Peng Shuai videos don't quash safety concerns: WTA
Peng Shuai made a 30-minute video call to president of International Olympic Committee (IOC)
Peng disappeared from public view after she accused former China Vice Premier Zhang Gaoli of sexual assault
Women’s Tennis Association (WTA) said Peng's public apperances didn't dispel concerns about her wellbeing
Peng Shuai’s 30-minute video call from Beijing with the president of the International Olympic Committee (IOC) hasn't done much to dispel concerns about her wellbeing, the Women’s Tennis Association (WTA) said Monday. The safety of the Chinese tennis star has been a matter of global concern after she disappeared from public view for weeks following sexual assault allegations against the country's former Vice Premier Zhang Gaoli. Zhang, who served served on the Communist Party's seven person Politburo Standing Committee from 2012 to 2017, is considered to be a close ally of Chinese President Xi Jinping.

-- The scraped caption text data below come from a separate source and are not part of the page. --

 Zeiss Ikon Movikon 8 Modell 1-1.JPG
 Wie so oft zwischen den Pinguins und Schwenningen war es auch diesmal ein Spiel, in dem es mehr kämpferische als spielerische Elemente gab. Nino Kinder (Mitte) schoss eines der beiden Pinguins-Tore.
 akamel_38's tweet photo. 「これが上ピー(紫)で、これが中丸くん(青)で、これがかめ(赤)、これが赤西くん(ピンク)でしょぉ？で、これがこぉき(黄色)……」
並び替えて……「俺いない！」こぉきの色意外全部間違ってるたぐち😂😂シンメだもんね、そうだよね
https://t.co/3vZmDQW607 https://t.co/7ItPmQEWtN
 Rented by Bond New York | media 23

The former doubles world number one was seen at a dinner with friends on Saturday and a children’s tennis tournament in Beijing on Sunday, photos and videos published by Chinese state media journalists and by the tournament’s organisers show.
“It was good to see Peng Shuai in recent videos, but they don’t alleviate or address the WTA’s concern about her wellbeing and ability to communicate without censorship or coercion,” a WTA spokesperson said.

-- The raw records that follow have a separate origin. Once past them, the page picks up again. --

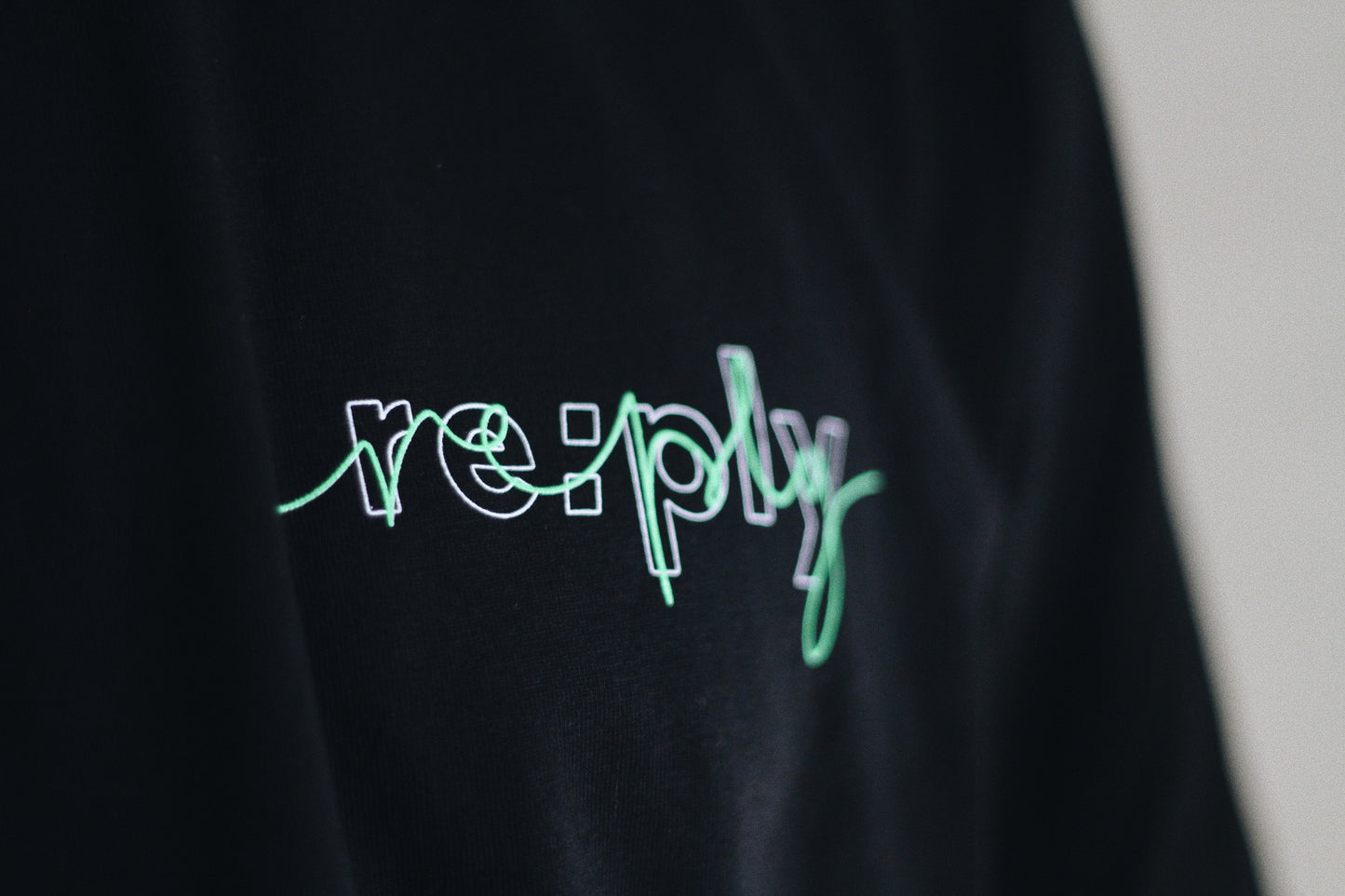 re:ply x Phoebe.Willison T-Shirt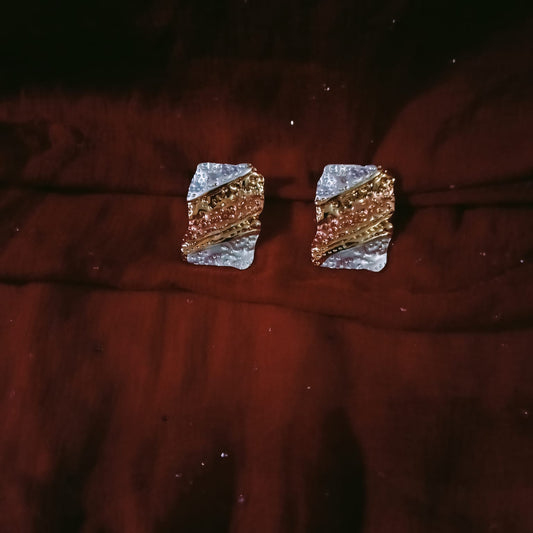 earring model no 305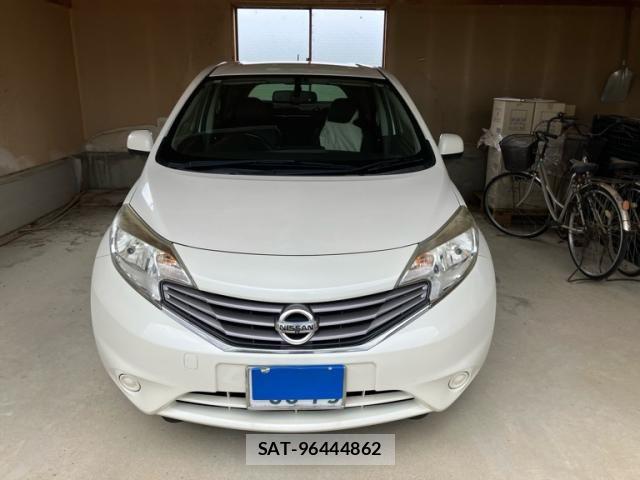 Nissan NOTE 2013-10 7393374-0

The spokesperson said Peng's call with the IOC had no bearing on the demand for a "full, fair and transparent investigation, without censorship, into her allegation of sexual assault, which is the issue that gave rise to our initial concern."
The IOC said in a statement that Peng held a 30-minute call with its president Thomas Bach on Sunday and thanked the Olympic organization for its concern.

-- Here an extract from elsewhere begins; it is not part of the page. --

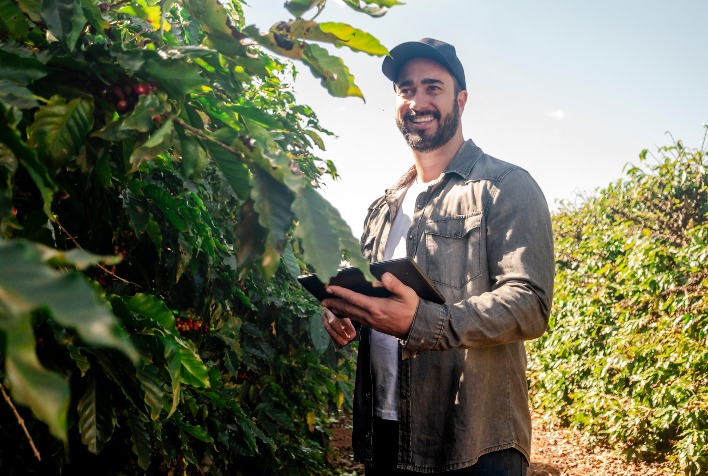 Agronegócio Brasileiro: Resiliência em Tempos de Crise e Caminho para Safra Recorde Agronegócio Brasileiro: Resiliência em Tempos de Crise e Caminho para Safra Recorde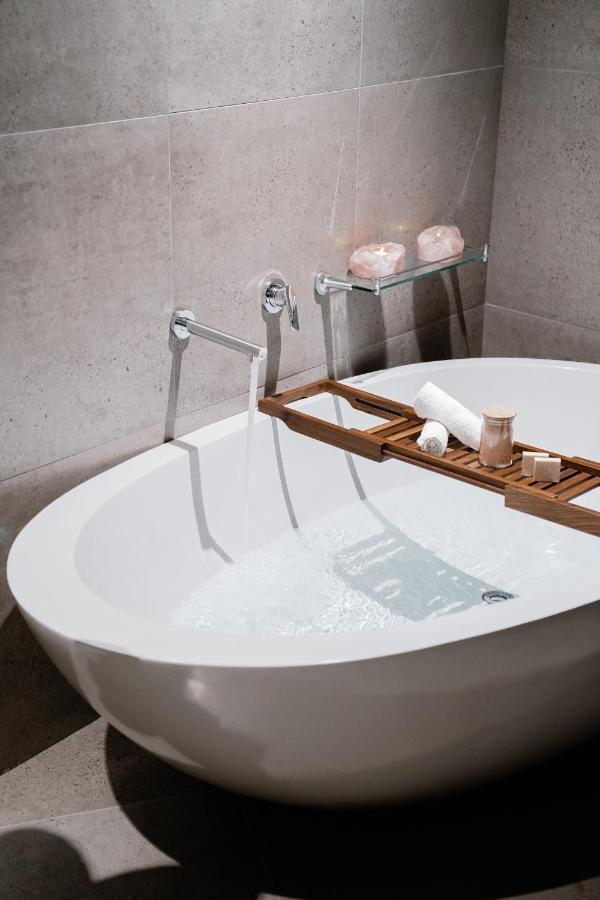Cape Byron Retreat (adults Only) Lodge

“She explained that she is safe and well, living at her home in Beijing, but would like to have her privacy respected at this time,” the IOC’s statement said.
“That is why she prefers to spend her time with friends and family right now. Nevertheless, she will continue to be involved in tennis, the sport she loves so much.”
Peng's November 2 post on Chinese social media site Weibo was allegedly censored within hours as she accused Gaoli of coercing her into a sexual relationship.
The WTA has threatened to pull tournaments out of China over the issue amid growing calls for a boycott of the Winter Olympics in Beijing in February.
France’s foreign minister called on Sunday for Chinese authorities to let Peng speak publicly.
“I’m expecting only one thing: that she speaks,” Jean-Yves Le Drian told LCI television.
The United States and Britain have also sought proof of Peng’s whereabouts, as have current and former tennis players, including Naomi Osaka, Serena Williams and Billie Jean King, using the social media hashtag #WhereIsPengShuai?